Hormones play a role even at this microscopic level. Progesterone, which is present around the egg, helps trigger the sperm’s enzyme release by causing bursts of calcium signaling inside the sperm head. It’s a tightly coordinated chemical exchange, not just a physical collision.
What Happens After Fertilization
Within 24 hours of fertilization, the combined cell (the zygote) begins dividing. It keeps dividing as it slowly travels down the fallopian tube toward the uterus. By around day three, it has become a tightly packed ball of cells called a blastocyst. By day five, the blastocyst is floating freely inside the uterus, looking for a place to attach.
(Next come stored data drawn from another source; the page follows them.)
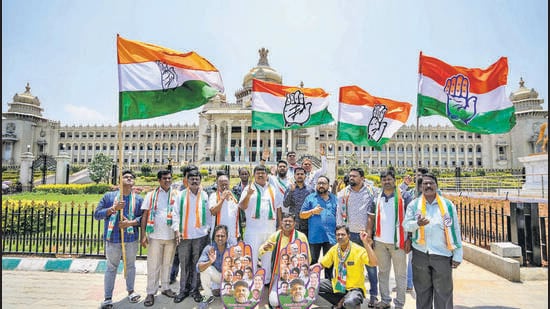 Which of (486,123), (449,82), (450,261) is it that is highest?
(449,82)

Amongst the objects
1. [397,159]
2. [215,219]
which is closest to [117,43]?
[215,219]

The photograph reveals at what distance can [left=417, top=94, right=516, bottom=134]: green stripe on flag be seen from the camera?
206 inches

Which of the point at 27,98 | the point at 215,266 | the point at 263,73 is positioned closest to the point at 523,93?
the point at 263,73

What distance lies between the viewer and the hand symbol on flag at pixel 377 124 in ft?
23.0

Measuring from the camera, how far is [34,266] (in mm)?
6195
Implantation, when the blastocyst burrows into the lining of the uterus, typically happens six to ten days after fertilization. This is the step that establishes a pregnancy. Fertilization alone isn’t enough; without successful implantation, the process doesn’t continue. Home pregnancy tests detect a hormone that the body only starts producing after implantation, which is why testing too early can give a false negative.
Fertilization Outside the Body
When fertilization can’t happen naturally, it can be assisted in a lab. In standard IVF (in vitro fertilization), eggs and sperm are placed together in a dish so sperm can penetrate the egg on their own, mimicking what happens in the fallopian tube. In a more targeted approach called ICSI, an embryologist selects a single sperm and injects it directly into an egg using a microscopic needle. About 60% of IVF procedures today use ICSI, with fertilization rates between 50% and 80%.
The term “in vitro” literally means “in glass,” referring to the lab dish. The fertilized egg is then transferred to the uterus, where implantation proceeds the same way it would after natural conception.
What Affects Whether Fertilization Succeeds
Several factors determine whether sperm and egg successfully meet and merge. On the sperm side, both quantity and quality matter. The World Health Organization considers a sperm concentration of at least 16 million per milliliter normal, with at least 42% of those sperm showing some movement. Only about 4% of sperm need to have a normal shape for fertility to be considered typical. These are lower thresholds, not targets, so falling below them doesn’t guarantee infertility, but it does reduce the odds.
On the egg side, age is the single biggest factor. Egg quality and quantity both decline over time, particularly after age 35. Conditions that affect the fallopian tubes, like scarring from infections or endometriosis, can physically prevent sperm and egg from reaching each other, even when both are healthy. Hormonal imbalances that disrupt ovulation mean there may be no egg available to fertilize in the first place.
Timing also matters more than most people realize. Because the egg’s window of viability is so short, even couples with no fertility issues have only about a 20% to 30% chance of conceiving in any given cycle.